On January 14, 2011, the longtime US-backed Tunisian dictator Zine El Abidine Ben Ali was ousted in a revolution. The massive protests in the small North African country were sparked by the self-immolation of Mohamed Bouazizi, a vegetable cart vendor whose goods had been arbitrarily confiscated by the police.
A WSWS editorial board statement, “The mass uprising in Tunisia and the perspective of Permanent Revolution,' noted that this event “ignited the social tinderbox long building beneath the surface of political life.” The tragic event “focused the anger of millions of youth and workers over pervasive unemployment, poverty, social inequality and the despotism and corruption of the ruling elite.”

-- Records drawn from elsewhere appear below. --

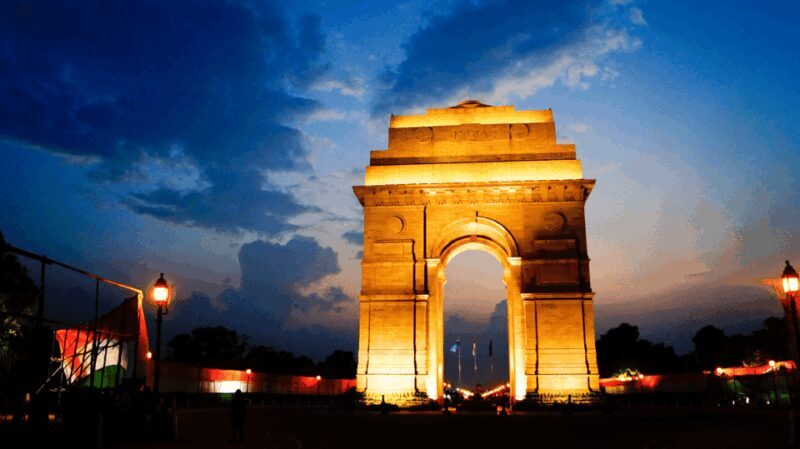Delhi: Night View Tour with India Gate, Rashtrapati Bhavan - Final Thoughts: A Nighttime View of Delhi You Won’t Forget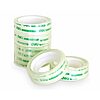 Tape klar 12mm x 12.8y  til tape disp.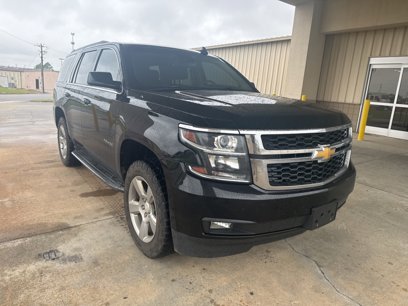 Used 2018 Chevrolet Tahoe LT w/ Luxury Package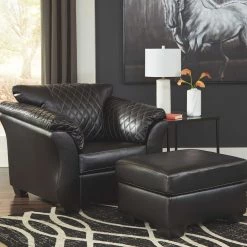 Ashley Furniture Betrillo - Black - Chair Chairs 9 Ashley Furniture Betrillo - Black - Chair Chairs
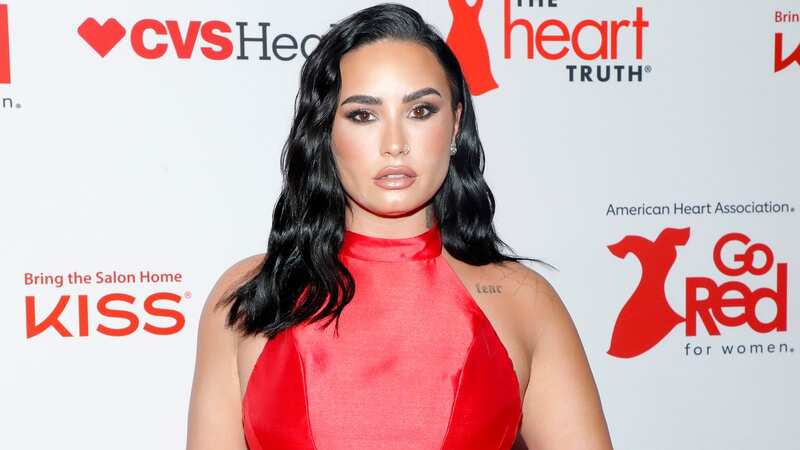 Demi suffered a heart attack in 2018
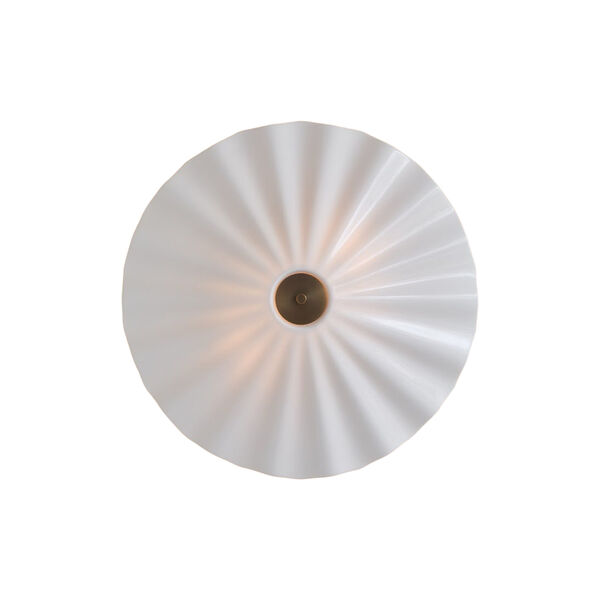 Christie Wall Light, antique brass, Original BTC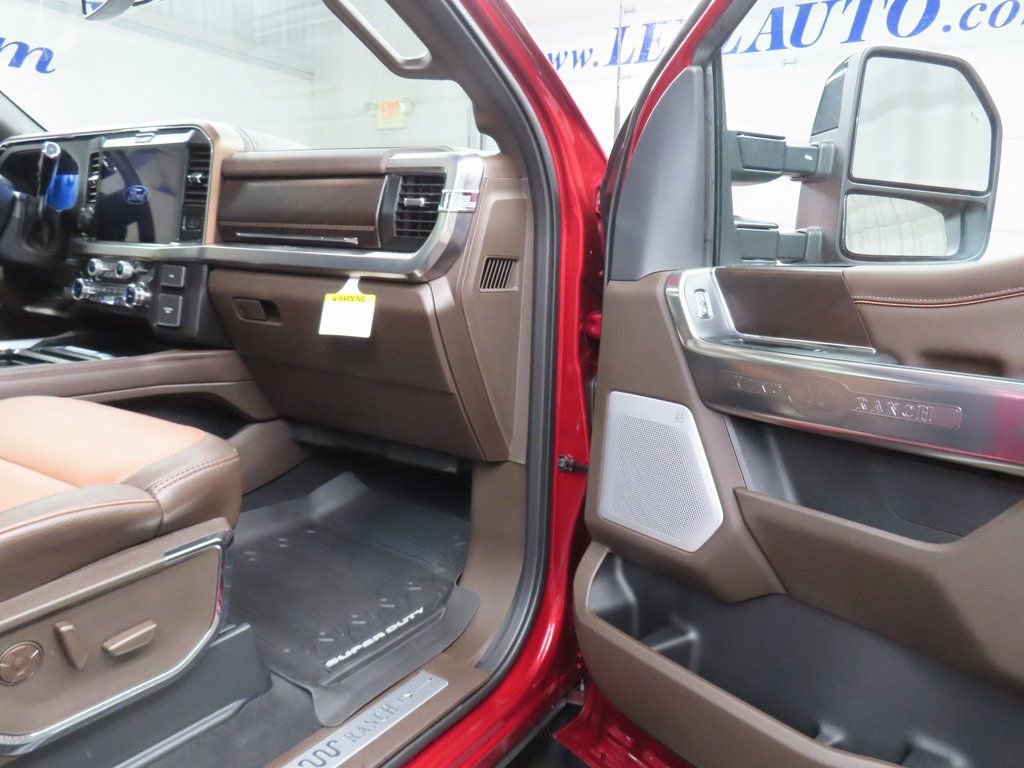 Used 2026 Ford F450 King Ranch w/ FX4 Off-Road Package AWD/4WD image 30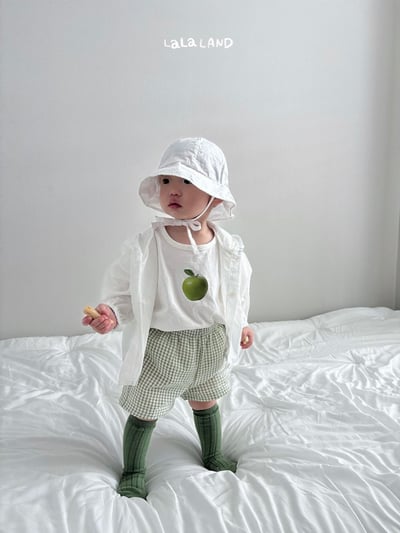 連帽排扣防曬防蚊外套(2color/baby)12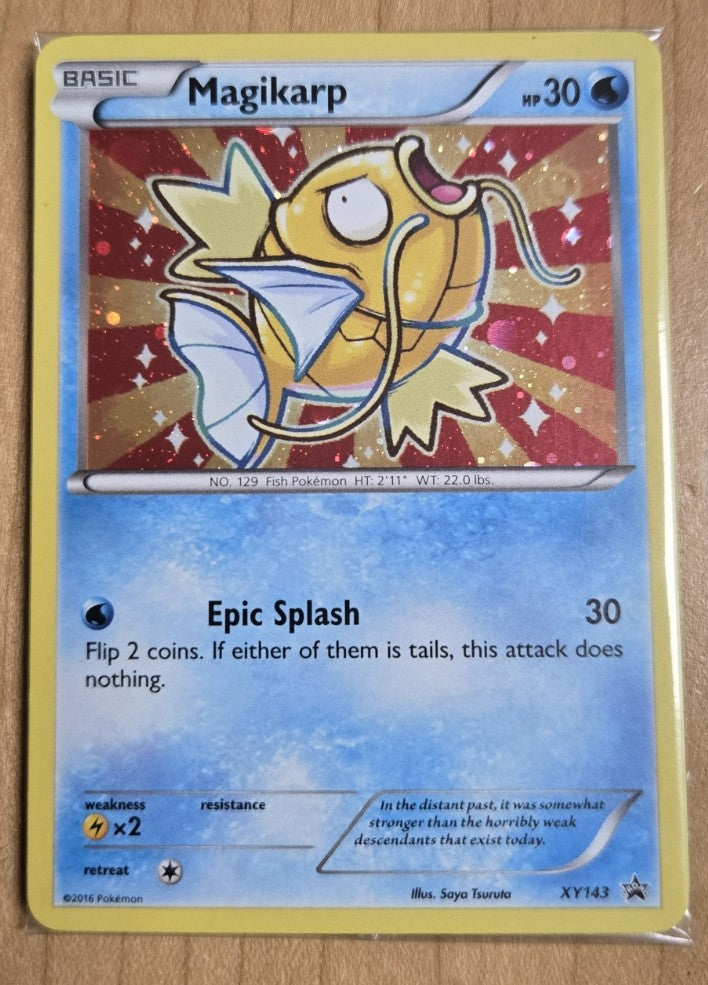 Magicarpe - Scellé - XY Promos (PR)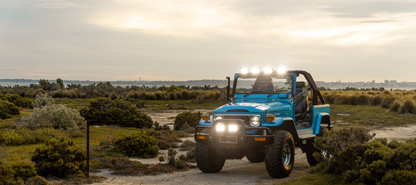 ST-01-QDE-002 Quad EVO LED Driving Light (Centre Module) | Genuine STEDI Product, image 8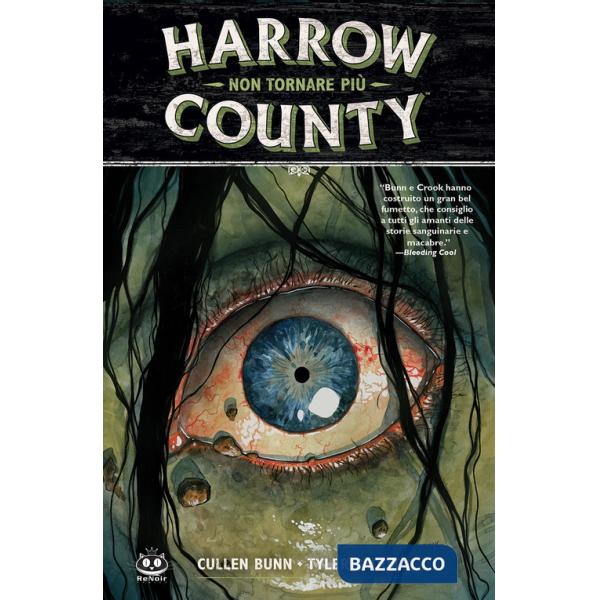 Harrow County. Vol. 8: Non tornare più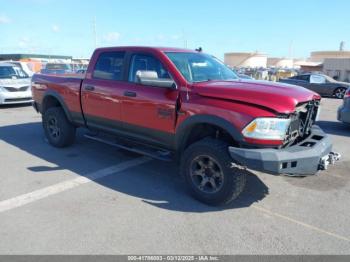  Salvage Ram 2500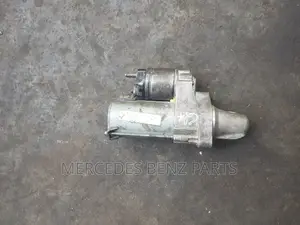Kick Starter Mercedes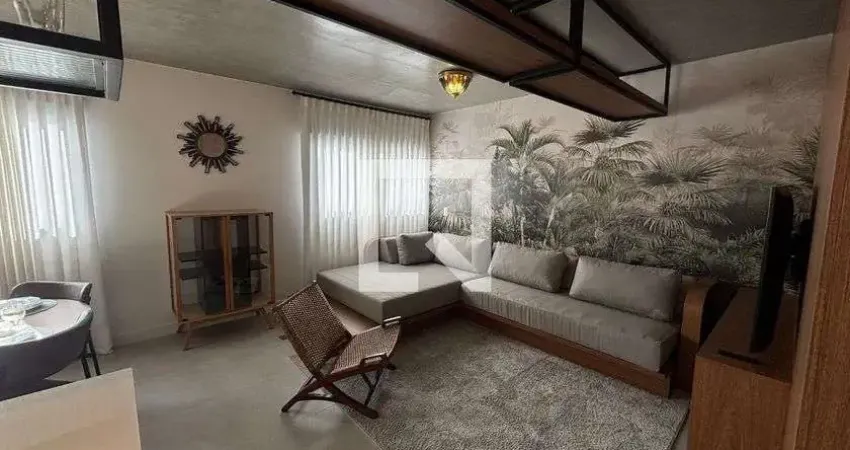 Apartamento para Aluguel - Vila Apiaí, 1 Quarto, 36 m² - Santo André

The social conditions that led to the eruption in Tunisia predominate throughout the Maghreb and the Middle East, and are increasingly confronting the working class in the advanced capitalist countries under conditions of a global economic crisis and a brutal offensive by the banks and corporations.
The WSWS warned that the Tunisian masses were “only at the initial stages of their struggle.” It continued: “As is already clear from the continuation of military violence under the new interim president, the working class faces immense dangers. The crucial questions of revolutionary program and leadership remain unresolved.”
The eruption of mass working class struggle posed the most basic questions of program and perspective and confirmed the theory of Permanent Revolution—the world revolutionary strategy developed by Trotsky and the Fourth International. In Tunisia and all of the former colonial countries, the national bourgeoisie was incapable of carrying out the basic tasks of the democratic revolution. A struggle against political dictatorship required the independent mobilization of the working class against the capitalist system, leading the oppressed masses against both the national bourgeoisie and imperialism. The WSWS wrote:
This struggle cannot be conducted simply on a national scale. Trotskyist parties must be built throughout Northern Africa and the Middle East to unite the working masses under the banner of the United Socialist States of the Middle East and the Maghreb, as part of the world socialist revolution.
This struggle must be consciously linked up with the mounting struggles of workers in the advanced capitalist countries, many of which have large populations of Arab workers from Northern Africa and the Middle East.
Only on this internationalist basis can the divisions of religion, nationality and race—ceaselessly stoked up by imperialism and the bourgeoisie—be overcome and the social power of the working class mobilized to put an end to imperialist domination.